La capitale congolaise a servi de cadre, ce samedi 25 octobre, à une initiative inédite : les premières journées de réflexion consacrées au développement de Shabunda. Cette démarche, portée par les notables de ce territoire du Sud-Kivu, révèle une prise de conscience aiguë des paradoxes qui caractérisent cette région. Comment expliquer qu’un territoire si riche en ressources naturelles puisse figurer parmi les plus marginalisés du pays ?
Les participants ont placé l’électrification du territoire au cœur des priorités, considérant cette infrastructure comme le catalyseur indispensable à la modernisation agricole et à la valorisation des richesses minières. Sans énergie fiable, peut-on véritablement parler de développement économique ? La question reste en suspens, tant les défis infrastructurels apparaissent immenses.
Le problème de l’enclavement de Shabunda a fait l’objet de débats nourris. Les routes, lorsqu’elles existent, constituent souvent des obstacles plutôt que des vecteurs de croissance. La réhabilitation et le désengorgement du réseau routier s’imposent comme une condition sine qua non pour rompre l’isolement et stimuler les échanges commerciaux. Les participants ont souligné l’urgence d’une intervention structurelle dans ce domaine.
Dodo Lutombo Issanda, initiateur de ces assises, n’a pas mâché ses mots pour dépeindre la situation. « Depuis l’indépendance en 1960, le territoire de Shabunda, en dépit de ses richesses naturelles, sol et sous-sol, et humaines, ne parvient pas à les mettre en exergue pour décoller », a-t-il déploré. Son analyse pointe du doigt un paradoxe congolais bien connu : l’abondance des ressources contrastant avec la pauvreté des populations.
Le constat dressé par M. Issanda prend des allures de réquisitoire. « Ce territoire compte aujourd’hui parmi les derniers de ce pays, alors qu’il a une superficie de 25.216 km². C’est un territoire pays, le grenier du Sud-Kivu, mais nous sommes délaissés. Aucun fils de Shabunda n’est à la commande, aucun fils de Shabunda n’est aux institutions de la République. » Ce plaidoyer traduit une frustration grandissante face à ce qui est perçu comme une marginalisation politique systémique.
L’appel à l’unité lancé par l’initiateur des journées de réflexion Shabunda révèle une stratégie nouvelle : plutôt que de s’en remettre exclusivement aux autorités centrales, les élites locales entendent prendre leur destin en main. « Nous pouvons croire que la cause vient d’ailleurs, alors que nous-mêmes nous pouvons constituer la cause », a reconnu M. Issanda, marquant ainsi une forme d’autocritique salutaire.

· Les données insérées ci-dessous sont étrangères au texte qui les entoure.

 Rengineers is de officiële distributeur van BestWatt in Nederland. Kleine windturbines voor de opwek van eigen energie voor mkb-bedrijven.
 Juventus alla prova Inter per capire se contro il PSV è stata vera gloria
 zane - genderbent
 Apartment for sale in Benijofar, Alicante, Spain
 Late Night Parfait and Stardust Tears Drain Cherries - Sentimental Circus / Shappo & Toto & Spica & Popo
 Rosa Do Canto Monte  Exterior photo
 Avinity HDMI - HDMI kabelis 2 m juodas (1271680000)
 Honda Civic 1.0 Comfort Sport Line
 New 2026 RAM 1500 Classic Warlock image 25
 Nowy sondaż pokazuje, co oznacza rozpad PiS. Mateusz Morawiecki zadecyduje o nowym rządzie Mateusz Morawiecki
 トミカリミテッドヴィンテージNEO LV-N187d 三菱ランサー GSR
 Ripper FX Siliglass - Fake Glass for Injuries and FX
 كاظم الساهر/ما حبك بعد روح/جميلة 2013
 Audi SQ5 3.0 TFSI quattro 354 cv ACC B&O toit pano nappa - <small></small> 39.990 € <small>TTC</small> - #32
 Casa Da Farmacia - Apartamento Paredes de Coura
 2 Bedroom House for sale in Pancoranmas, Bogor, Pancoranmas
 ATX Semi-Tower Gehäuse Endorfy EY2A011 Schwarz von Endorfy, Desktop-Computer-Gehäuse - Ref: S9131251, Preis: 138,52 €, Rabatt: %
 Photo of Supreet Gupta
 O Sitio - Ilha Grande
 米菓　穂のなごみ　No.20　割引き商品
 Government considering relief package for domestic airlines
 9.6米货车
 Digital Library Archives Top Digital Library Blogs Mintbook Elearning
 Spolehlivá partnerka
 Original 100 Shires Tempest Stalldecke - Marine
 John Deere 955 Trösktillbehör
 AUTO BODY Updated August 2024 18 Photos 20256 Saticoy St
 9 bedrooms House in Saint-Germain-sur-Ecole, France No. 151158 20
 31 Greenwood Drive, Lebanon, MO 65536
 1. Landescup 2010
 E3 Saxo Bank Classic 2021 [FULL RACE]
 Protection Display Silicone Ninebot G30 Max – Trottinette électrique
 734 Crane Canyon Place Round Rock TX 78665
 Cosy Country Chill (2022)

La création d’un cadre permanent de réflexion constitue l’une des principales avancées de ces assises. Cette structure devra préparer la deuxième édition des journées de réflexion prévue en 2026, mais surtout, elle aura pour mission de transformer les discours en actions concrètes. Le défi consiste désormais à maintenir la mobilisation et à éviter que ces bonnes résolutions ne se dissipent avec le temps.
La tenue de ces journées à Kinshasa n’est pas anodine. Elle reflète une volonté d’interpeller directement les décideurs politiques là où se concentrent les leviers de pouvoir. Cette approche témoigne d’une maturité politique certaine, mais soulève également une question fondamentale : les autorités congolaises sauront-elles entendre ce cri du cœur venu de Shabunda ?
Le chemin vers le développement Shabunda apparaît semé d’embûches, mais la détermination affichée lors de ces premières journées de réflexion laisse entrevoir un frémissement d’espoir. Reste à savoir si cette dynamique parviendra à s’inscrire dans la durée et à produire les transformations tant attendues par les populations de ce territoire oublié.